Workshop participants have contributed with sound, video and stills, some of which you can listen to at Ecolocated Pool group page. For example, youth from DropZone at Barrow-in-Furness did an hour long rap with their own rhymes, and Tate Youth contributed interviews with friends and family of the changing maritime culture of Liverpool. Some fragments are also uploaded to the Ecolocated map based interface, which includes arrival ship blog to Belfast, and audio and water quality data sonifications around the Albert Dock. An experimental stage version of this interface can also be viewed on 3G mobile phones using your browser, and the URL http://marin.cc/ecolocated/mobile.

IMG_1292 You can read blog entries by the resident artists Tapio Mäkelä (FI), Nigel Helyer (AU) and Andreas Siagian (ID), who have collaborated on the project Ecolocated - Littoral Lives.

In Belfast, the Ecolocated team was joined by Michael Lake and Daniel Woo, with whom we authored a major 12-channel surround sound, locative installation, presented at Catalyst Arts gallery, as part of ISEA2009, The International Symposium on Electronic Art. In this work we worked with local marine scientists, historians, ex dock workers and other collaborators. We also measured water quality in the Belfast Lough, map of which was the interface for our project. The end result was a collage where users could navigate through several layers of audio, sonified and visualized data.

Also part of the exhibit here at FACT, The CDPDU (Common Data Processing and Display Unit, M.A.R.I.N. Alpha) by Marko Peljhan, Nejc Trost, and Matthew Biederman, draws satellite marine ecology data and environmental sensor data from a field unit in Santa Barbara, CA, as well as some data from a sister project’s (Arctic Perspective Initiative) expedition to Baffin Bay last month.
In Liverpool, M.A.R.I.N. had a very interesting visit to the British Oceanographic Data Centre, and The Proudman Oceanographic Laboratory.

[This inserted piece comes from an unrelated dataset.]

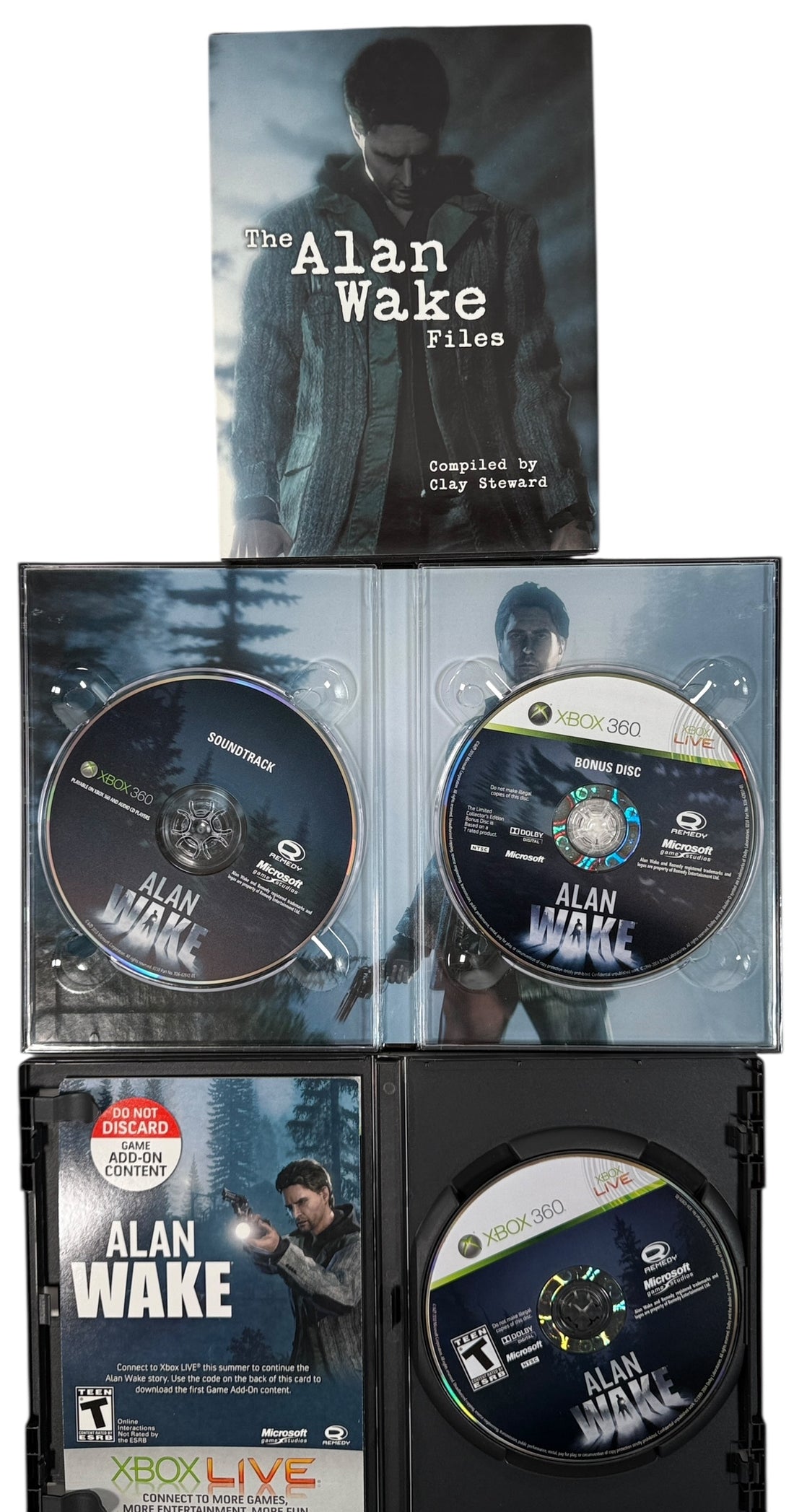 Collection of 'Alan Wake' game components including case, discs, and manual on a white background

We participated to a Shelf sea workshop, where scientists (and electronic engineers really) discussed latest sea bed velocity sensors, HF radar for wave detection. In the basement of BODC we saw a sonde that makes our water measurement equipment seem like kids play: a gliding torpedo shaped UAV, which uses ballast to zigsaw through the ocean. At the end of an inspiring tour, a discussion with 7 researchers opened up real possibilities for future collaboration ranging from semantic, cartographic, visual and haptic interfaces to environmental data.

Data collection from Belfast to Bangor

Wednesday, August 19th, 2009

ecolocated_072Nigel and myself, accompanied by cap Lars took a 2 night trip to Bangor. We wanted to make a data trace from river Lagan using the YSI 600XL Sonde, recording temperature, pH, salinity, dissolved oxygen and oxygen reduction potential. It was another summer in Belfast with lot of rainfall, so there should be a lot of nutrients in the water. Weather forecast was luckily wrong for the day we went out: it was sunny with a smooth South-Westerly wind that made it a pleasant sail after the harbor area motoring zone. We also stopped along the way to make hydrophone recordings.

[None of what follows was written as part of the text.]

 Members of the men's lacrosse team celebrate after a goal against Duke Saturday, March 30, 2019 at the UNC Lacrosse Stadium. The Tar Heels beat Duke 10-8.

ecolocated_235 Once in Bangor, we sought permission to take the catamaran onto a slipway. One of its folding propellers had corroded and literally disintegrated. Also it was time to get rid of some barnacles. They are an amazing species, leaving a substrate behind even when removed, leaving a “bed” for new larvae. Think we removed about 60kg of it from the boat, and put into trash. The catamaran looked mighty big when off water, yet also beautifully designed.

Before dusk, Nigel and I took out the little dinghy boat with the water testing kit and hydrophones. At the entrance to the harbour, a dozen of fishermen were casting for mackerell. A few seals also loved this spot, not least to the treats that returning fishing boats would give them, the unused bait. We got pretty close, 2 meter distance from one of the seals, which seemed to have lost one eye. We tested the water in the commercial and yacht harbor, and then went out to Luke’s point, an area where I knew Bangor still has open sewage to the sea.

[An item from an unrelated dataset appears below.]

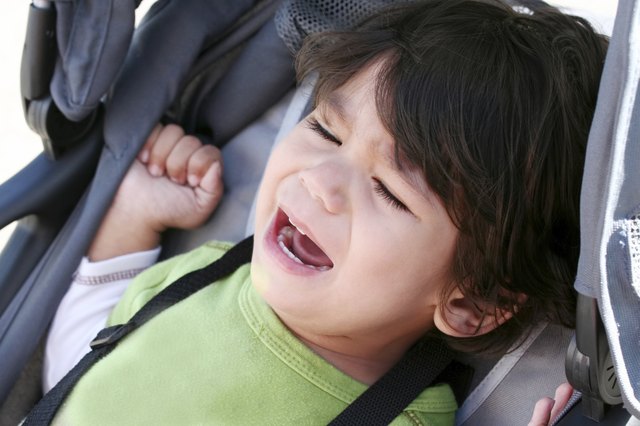 Unhappy toddler crying in stroller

ecolocated_074 An unfriendly, cunning rock crept up from the sea to scratch the small engine propeller on the way. When going out to the sea, dissolved oxygen levels improved significantly, but when approaching the spill area, we’d hit values closer to six mg/l DO. The readings were showing worse water quality 200 meters off shore at the spill area than in the visibly polluted commercial harbor of Bangor.

The calculation one city may do is whether the wider impact of their sewage output has long term effects on wider aquatic areas. As it washes out to the open sea, the impact is in the short term, regional. What about the longer term stress on the marine ecosystem?

ecolocated_251 In the harbor, rather new mussle boat with trawling gear was in the harbor. On the coastal road, there was a sign warning to eat any mussels in Belfast Lough because of pollution. I turns out that the mussels in Belfast lough are replanted in other waters, grown, cleaned and sold.

We slept two nights in Bangor, and sailed off early in the morning to record a track from Bangor to the other side of the Lough near a power station, then up to the beginning of the Fairway buoy. The weather was rather windy.

Our water quality testing is something I would call indexical work. In order for the data to be meaningful for science, it takes a long period of time to monitor a single site to take into account changing conditions, and the possible measurement errors (which always are part of the picture). The mobile kind of monitoring that we do helps give an idea of an existing issue that may be worth investigating closer. For example, there are no permanent measuring equipment stationed in front of Bangor to monitor the sewage output.